C’est peut-être pour ce contraste, cet équilibre-là qu’il faut voir la mini-série. Rien n’est atténué dans les choix, ni les tentatives variables des personnages pour faire face. Ni dans les zones inconfortables du déni, de la suspicion ou de l’angoisse de contamination, dans un contexte de savoirs en formation symbolisé par Jill, leur alliée et meilleure amie. On verra aussi quelques images – pas assez, peut-être – des premières actions directes, des premiers die-in, des centres d’aide, d’un mouvement en train de se créer.

Critique sociale
Au-delà de l’énergie de ses personnages, l’autre intérêt est que Russell T. Davies vient travailler la question des responsabilités politiques de l’époque, l’indifférence générale, voire une zone plus délicate encore sur la fin de la série: celle des responsabilités familiales. Le déni ou le rejet de l’homosexualité de leurs enfants a nourri des culpabilités et participé à la stigmatisation sociale des séropositifs. Jill le dira d’ailleurs à la mère de Ritchie: «C’est votre faute si les hôpitaux sont pleins d’hommes persuadés qu’ils l’ont mérité.»

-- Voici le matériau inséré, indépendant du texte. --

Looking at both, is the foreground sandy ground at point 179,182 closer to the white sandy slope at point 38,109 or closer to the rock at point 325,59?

Avec Years and Years en 2019, Russell T. Davies imaginait un futur proche post-Brexit effroyable de réalisme. Avec It’s a Sin, il retourne dans le passé comme pour réparer ce qu’il avait éludé dans Queer as Folk: la question du sida autant que le manque d’inclusivité des personnages, quoiqu’ici les personnes trans* soient absentes du récit. Enfin, le réalisateur gallois remémore aussi quelque chose que Ritchie essaiera de faire comprendre à sa mère dans des mots de fin de parcours qui collent des frissons: «J’ai couché avec tous ces garçons, des centaines et je me souviens de chacun d’eux. Une façon de rire ou une blague, un escalier, des lèvres, un visage quand il jouit. (…) Il y avait des salauds dans le lot, mais ils étaient tous super. Les gens vont oublier ça. À quel point on s’est éclatés.»